How Three French Students Raised 2 Million Euro to Create an Internet of Drones

How Three French Students Raised 2 Million Euro to Create an Internet of Drones


Three French students who were only three years ago studying at top engineering school Telecom SudParis, have now raised 2 million euros to develop their startup Uavia.

Pierre Pelé, Luc Clément and Clément Christomanos created their company in 2015, with help from incubator IMT Starter in Evry and Arcueil.

Their concept was to develop a technology that allows the 100% remote aerial sensing and control of drones via a mobile network – an Internet of Drones.

Now, with the assistance of funding from Airbus Ventures, the $150 million venture capital fund created in 2015 by Airbus, Sofimac Innovation and the F3A fund (Angels Ambition Priming Fund), their vision is set to become reality.

The young company based in Vitry-sur-Seine has developed drones compatible with 3G and 4G and a cloud platform that allows to control these drones remotely and without eye contact. In March 2015, the Uavia team demonstrated the extent of the potential of its technology by managing to pilot, from San Francisco, a drone located in Evry.

The successful investment will mean Uavia can carry out its plans to accelerate the deployment of its Uavia Robotics Platform solution and strengthen its workforce.

“This round table allows us to strengthen our capabilities and our technical teams (embedded intelligence, web, data processing, robotics) to further increase our technological advance. We are also dimensioning our sales organization in order to address the industrial sectors on which we observe global traction,” said Clément Christomanos, co-founder and president of Uavia.

“It’s the technology mix and Uavia’s strategic vision that has convinced us,” said François Auque, president of Airbus Ventures, who is enthusiastic about Uavia’s potential.

“Uavia has overcome multiple technological barriers by connecting drones and other robots, that are becoming safer and entering the era of collaborative uses. The Uavia platform meets the needs of industry, and must allow the emergence of a powerful and world-class ecosystem around it,” he said in a press release.

One of Uavia's drones

One of Uavia’s drones | Uavia

The technology that piqued the investors interest enough to agree to contribute this impressive amount is a robotics platform that can allow several users around the world to control heterogeneous fleets of drones and robots in real time, as well as to handle , analyze and share data from drone operations.

Adapting to the needs of industry, the trio developed the solution with reliability, security and versatility in mind.

To ensure reliability of the system, the company developed algorithms for artificial intelligence, so that the drone can detect the loss of connection as quickly as possible and make decisions accordingly. End-to-end encryption ensures all transmitted data is protected.

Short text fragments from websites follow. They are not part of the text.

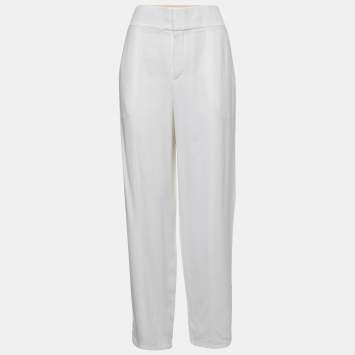 Pre Owned Chloe White Crepe Straight Fit Pants L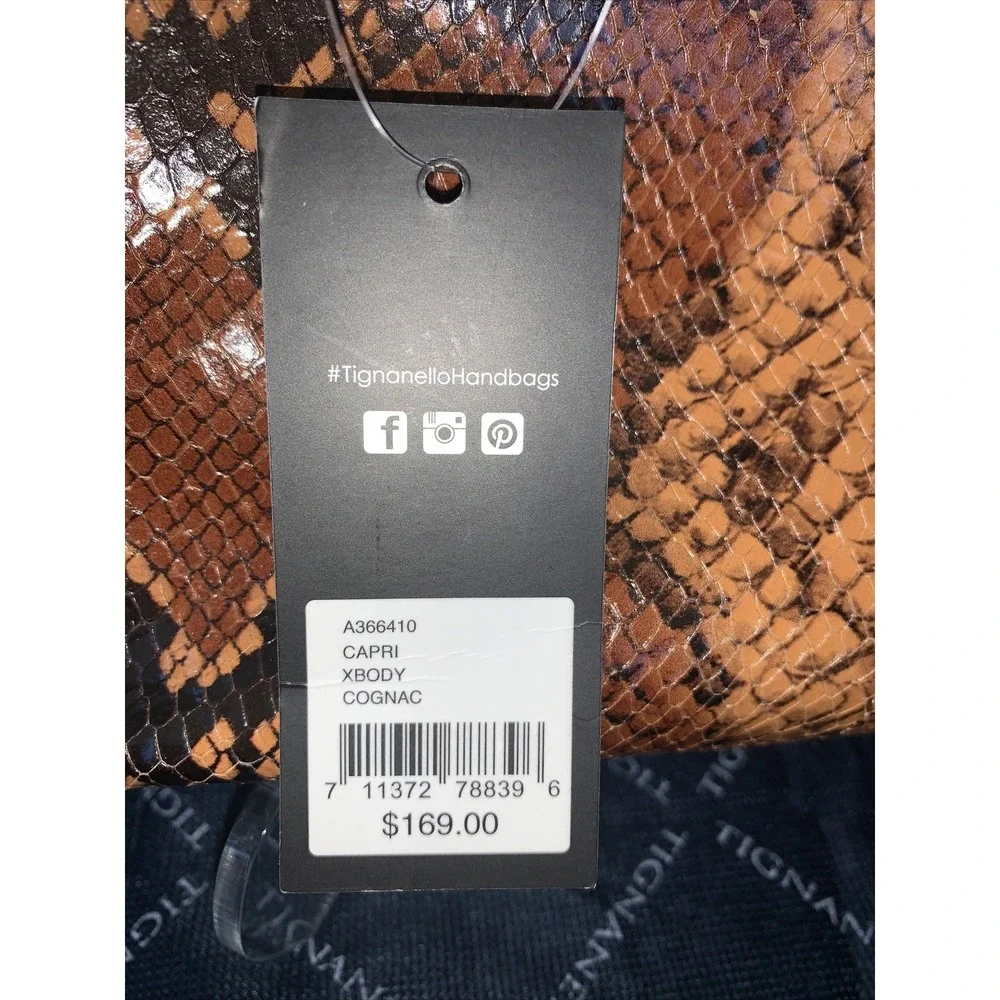 Tignanello Capri Faux Python Cognac Crossbody Leather Bag- NWT Dust‎ Cover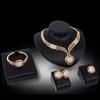 Esagerazione della moda Crystal Rhinestone CZ Collana Orecchini Anelli Bracciali Set di gioielli Accessori per feste di nozze Set di gioielli da sposa HJ136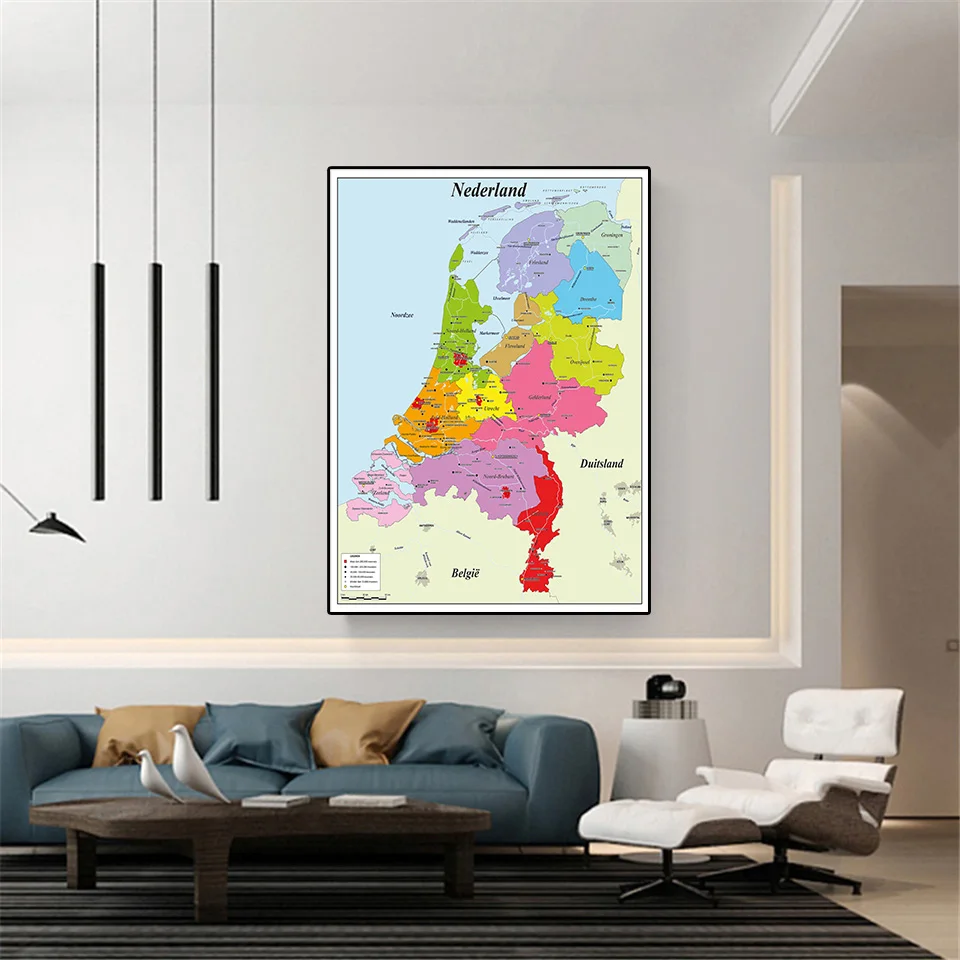 Mapa Holandii w Holendersie 59 * 84 cm Plakat ścienny Ekologiczny obraz na płótnie Pokój dzienny Dekoracja domu Artykuły szkolne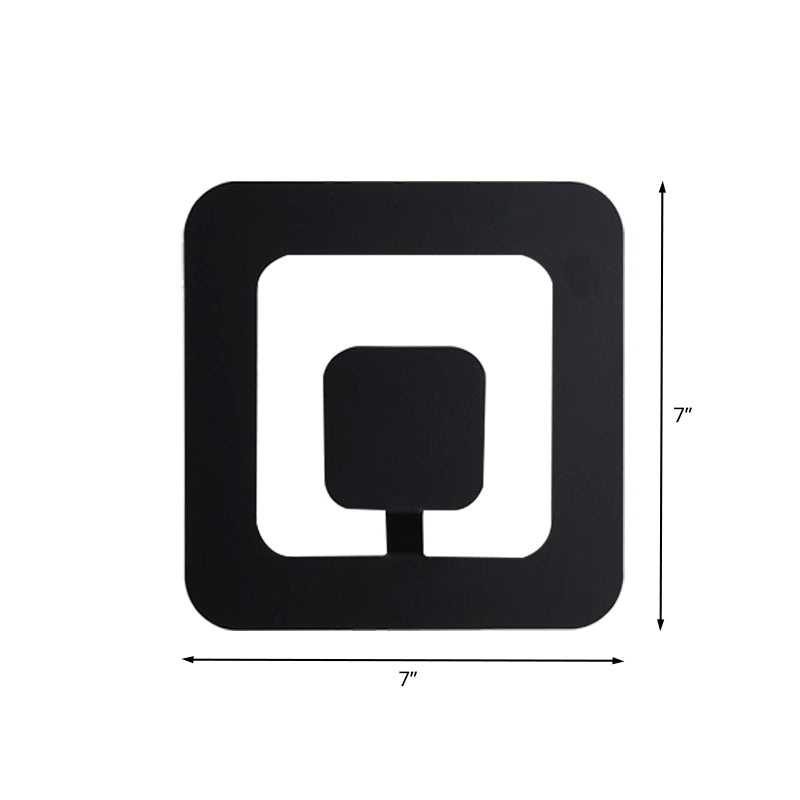 Minimalism Square Sconce Lamp Fixture Iron 7"/9" Wide LED Bedroom Wall Lighting Ideas in Black Clearhalo 'Cast Iron' 'Glass' 'Industrial' 'Modern wall lights' 'Modern' 'Tiffany' 'Traditional wall lights' 'Wall Lamps & Sconces' 'Wall Lights' Lighting' 732012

Uavia say their autonomous drones are suitable for a wide range of applications; able survey perimeters on sensitive sites, to carry out routine checks on solar, industrial or petroleum facilities, to check the condition of runways at airports or to assist maintenance teams on railway tracks.

“This collaborative platform is designed to allow multiple users around the world to control in real-time heterogeneous fleets of drones and robots and also to process, analyze and share large amounts of data from these mobile sensors” says the company.

The Uavia team at work | Uavia

The Uavia team at work | Uavia

Philippe Vuagnat, Investment Director of Sofimac Innovation said the startup’s goals are a good fit for Sofimac.

“Uavia has the potential to become a strategic supplier to many manufacturers. This investment, made through our Emergence Innovation 2 fund, is perfectly in line with the strategic objectives of the Future Investments Plan 3, particularly with regard to digital innovation for companies and the industry of the future,” Vuagnat said.

At the same time, the company announces that Pierre Vilpoux, a pioneer in the artificial intelligence and telecommunications industry and advisor to the company since its creation, has joined the management team of Uavia as Chief Business Officer to take charge deployment operations worldwide and the development of new partnerships with industry.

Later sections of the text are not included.